Knowing this, our goal was for Insights to help:

  • Make finances a positive topic, or at least, not a negative one.
  • Create the lightbulb moment where users understand the impact of their emotional decisions on the reality of their goals.
  • Translate what users want to do, into what a saving strategy should be.

Design principles

As part of the design brief, we identified design principles to help guide experience decisions along the way.

  • Tell me what is most important—I don’t want to be overwhelmed (prioritize)
  • Help me understand the impact on my finances (educate)
  • Let me know when something is out of the ordinary (inform)
  • Give me insights relevant to my needs (personalize)
  • Reduce manual management (automate)
  • Identify when I’m doing well (motivate)

User goals

Rapid prototyping and testing

Design options

With the design brief and user journey completed, we explored three design options for the Insights experience. Each concept had similarities but also differed in unique ways. They varied from a conservative approach to a more radical implementation. The rapid prototypes were completed in Balsamiq and I used Invision for clickable prototypes.

We recruited Manulife employees and ran remote moderated testing sessions to capture live feedback from Manulife Bank customers. We coupled that with unmoderated Userzoom recruits. Userzoom allowed us to quickly gather lots of feedback from mobile banking users. The combo of the two recruiting pools gave us a varied perspective that we used to inform the next design iteration.

Key findings

Ultimately we wanted to know which concept resonated with the target user. We came away with a few insights that helped inform the next iteration:

  1. Users don’t segment capabilities within the app.
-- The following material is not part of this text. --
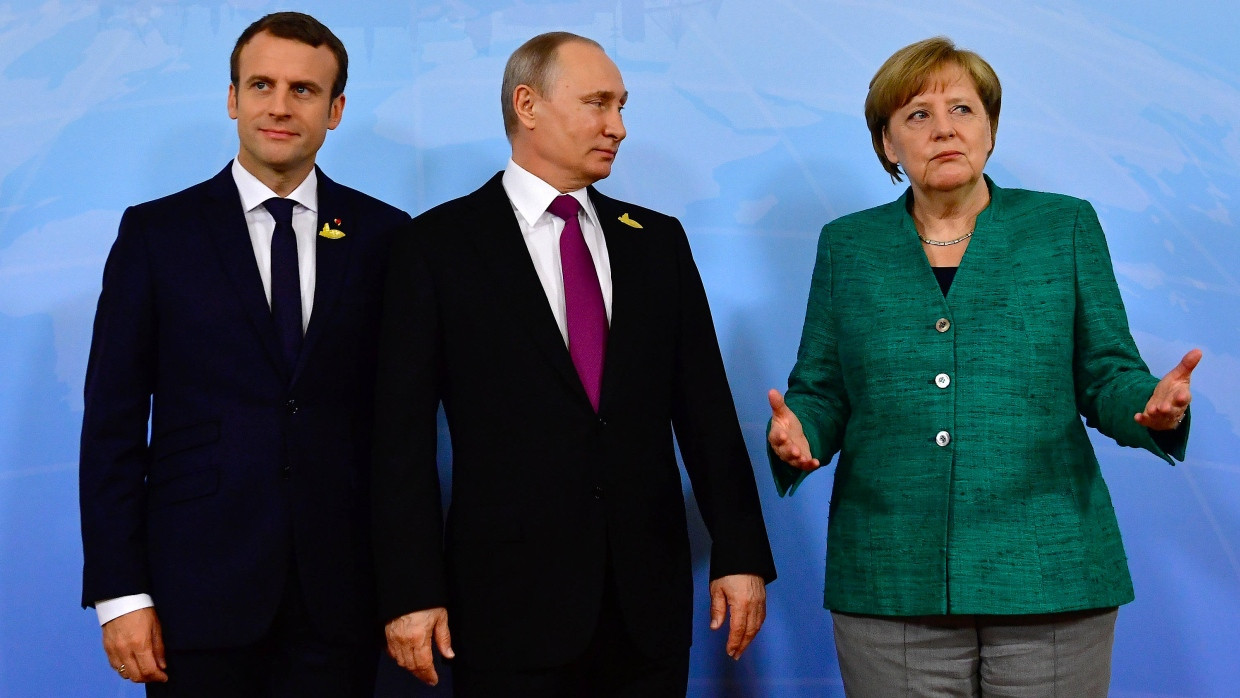 Wollen zu Syrien-Gesprächen nach Istanbul kommen: Macron, Putin und Merke, hier beim G-20-Gipfel in Hamburg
It’s all one experience.
  2. The faster and more accurately we can help users accomplish a task like paying bills, the better.
  3. Users respond positively to insights that help avoid problems (fees, missed payments, etc).
  4. Users didn’t always respond positively to insights in line with their transactions.
  5. Users often responded positively to a section of the site dedicated to Insights.
  6. Users were quick to be skeptical of related or suggested resources.
  7. Users further segmented insights in their own mind.
  8. Trust is key. When users believe that you’re focused on their best interests, buying will follow.

Finalizing designs

The next iteration took three concepts and combined them into one. We tested this version again before moving on to high-fidelity prototypes in Sketch. And just to make sure we hit the mark, we tested the hi-fi prototype one more time. This gave us an opportunity to gather feedback on which insights were most attractive and useful to customers.
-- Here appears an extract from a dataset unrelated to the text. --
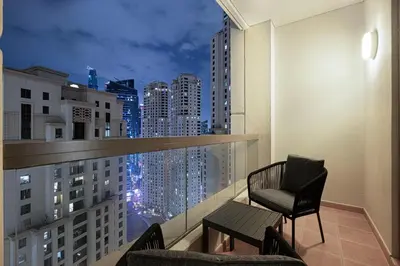 a balcony with two chairs and a view of a city at FIRST CLASS 2BR Breathtaking Beach Views in Dubai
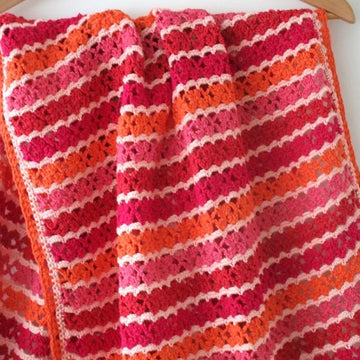 "Simply in red” baby blanket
While we were designing the UI, we also ran a Userzoom study to see how users categorize and prioritize insights. We knew we only had resources to develop insights cards for the MVP release, and wanted to spend that time on the right ones.

Solution

The feature was released to all customers with an initial set of insights and the plan to continue adding new ones as time went on.

Outcome

The thorough planning and testing of Insights helped set the stage for future design within the mobile squad. We learned a lot along the way.

  • Customers started receiving an MVP list of insights to their app dashboard
  • Customer engagement was high and we started receiving good feedback
  • We released a campaign called “Money hacks” that identified unique ways to save money through behavioural economics
  • We released an insight called “Bill payment reminder” that helped users avoid missing bill payments

Lessons learned

Priorities quickly shifted on the teams that supported Insights and we weren’t able to release new insights as quickly as hoped. This led to some negative feedback as insights grew stale. Because the insights are targeted, some accounts weren’t eligible—this added to the challenge. We pivoted to allow users to minimize or turn off Insights on their dashboard when needed. It reminded me how important technology and dev teams are in creating valuable experiences for users.